Engaged Faculty Spotlight: (Alumni) Health, Medicine and Environmental Studies

September 16, 2020

This month we spotlight two community-engaged faculty who are alumnae of Brown University.

Caroline Harada ‘96
“After Brown, I spent a year in Bolivia teaching in a program for street children. I then returned to the US for medical school at Yale, where I became heavily engaged in service work at their student-run free clinic. I then moved to University of Chicago for an internal medicine residency and geriatrics fellowship. I joined the faculty there for a few years and re-discovered my love of teaching. My husband and I moved to Alabama in 2008 and I became a faculty member at UAB School of Medicine (and also had two children, Adam and Charlotte!). I have found UAB to be an incredible institution, where people are kind, and where diversity, interprofessional collaboration, and creativity in teaching are highly valued. I focused initially on interprofessional education and geriatrics, but in 2015 I pitched the idea of starting an engaged learning program for medical students. With support from our schools' administration, we have built engaged learning experiences into all four years of the medical school curriculum, started a chapter of the Albert Schweitzer Fellowship, and started a Health Equity Scholars program. 

"My experience at the Swearer Center was the most formative of my years in higher education, and it truly shaped the way I view the world. I will never be as brilliant as Kris Hermanns or Peter Hocking or the student leaders I met at the Swearer Center, but I was definitely improved by learning from them! I have spent the last five years of my career as a medical educator trying to recreate my Swearer experience so that medical students can benefit in the same way that I did twenty five years ago.”

 

Katrina Korfmacher ‘89
Dr. Korfmacher holds a MS in Water Quality Management and PhD in Environmental Studies from Duke University. She has worked with community partnerships related to childhood lead poisoning preventionhealthy homes, air quality, hydrofracking, land use, and other environmental justice issues in Rochester for 20 years.

“When I decided to take a year off after my first year at Brown, I was lucky to get a lot of personal encouragement and support from Susan Stroud. The Swearer Center had a five inch thick 3-ring binder full of opportunities for students to explore. I spent hours looking through those and imagining what I could do! I ended up having five or six different jobs/internships during that year, including Student Conservation Association, ski instructor, state legislative intern, paralegal, and environmental educator.

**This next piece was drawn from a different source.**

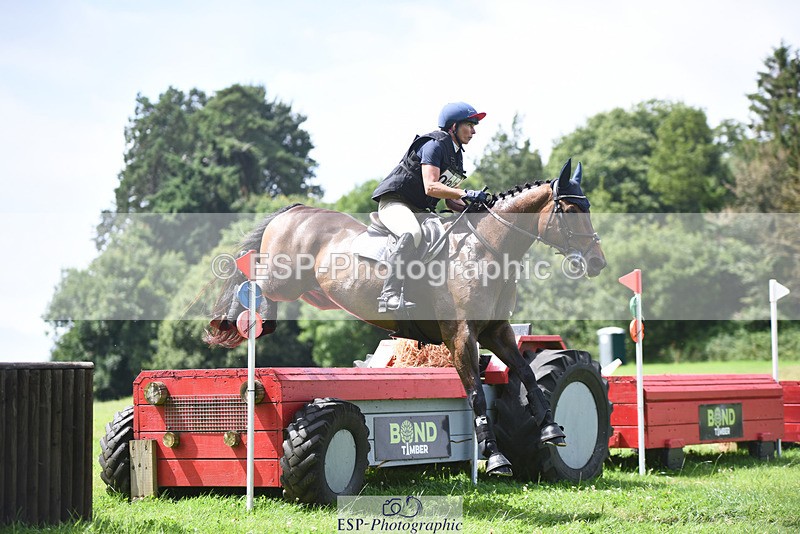 240804-120938-12642 - 321-Samantha_Lewis-KNOCKRIGG_BRONCO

“Most of my work is as ‘clinical’ faculty, but my ‘clinical’ work is engagement. I direct the NIEHS-funded Community Engagement Core of the Environmental Health Sciences Center. I have focused on lead poisoning prevention because the EHSC has done research on lead for decades. I really didn’t want to work on lead when I came to Rochester in 2001, because I remembered that my Brown classmates had ‘dealt with’ lead back in the 1980s - it couldn’t possibly still be a problem. But Rochester’s lead rates were over 20 times the national average – so it was a big problem.  What I realized was that while many communities had successfully reduced lead risk, each city needs a solution that is appropriate to its unique situation.  What works in Providence or Boston won’t necessarily work in Rochester. 

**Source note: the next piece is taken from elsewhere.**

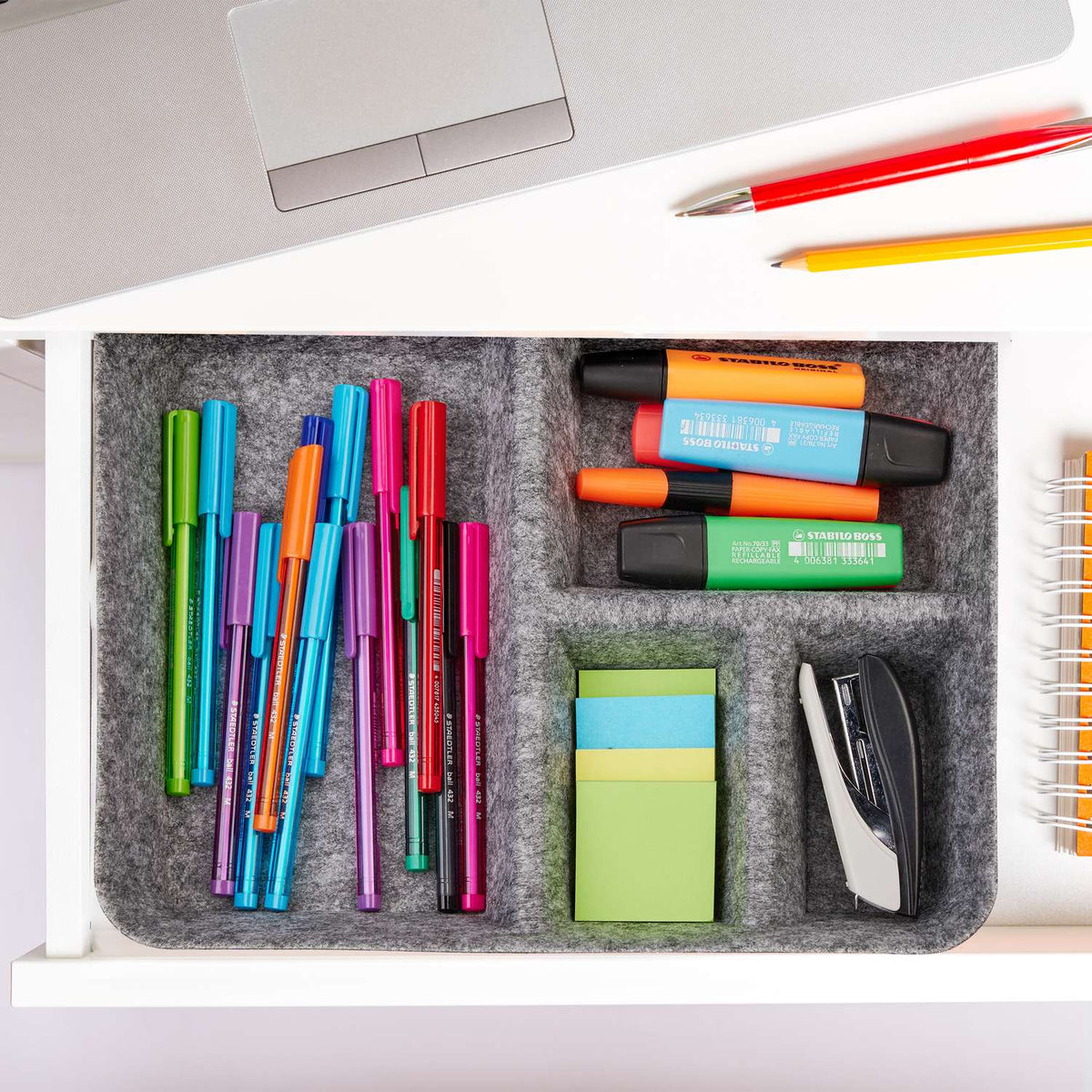 Drawer divider made of felt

"Teaching is just a small part of my job but I try to leverage my current community work, partnerships, and experience into each class to help students learn about being better partners and engaging in local problem solving. I was introduced to community engaged learning my first semester at Brown by my advisor Harold Ward. It was central to many of my classes and my work at the Urban Environmental Lab. I decided I needed to find ways to share that experience with students. In my course: 'PHLT 238: Environmental Health and Justice in the Rochester Community,' I’ve really struggled to find a community engaged project that will fit the times – by promoting environmental justice locally, while physically distanced, and without ‘engaging’ the time/energies of overtaxed community partners. I have been working with the City of Rochester’s Office of Sustainability for about five years on a series of climate plans. Each student in my course will pick one recommendation from the most recent Climate Change Resilience Plan and do research, benchmarking, and analysis to guide the city’s implementation to maximize environmental justice.

"When my son Stefan ('21) came home due to Covid last spring, I had the privilege of watching him navigate two community-engaged classes remotely – a Brown class on Housing Justice and a RISD architecture seminar involving a community client in Japan. That inspired me to persevere with engaging community partners in teaching this fall despite all the challenges."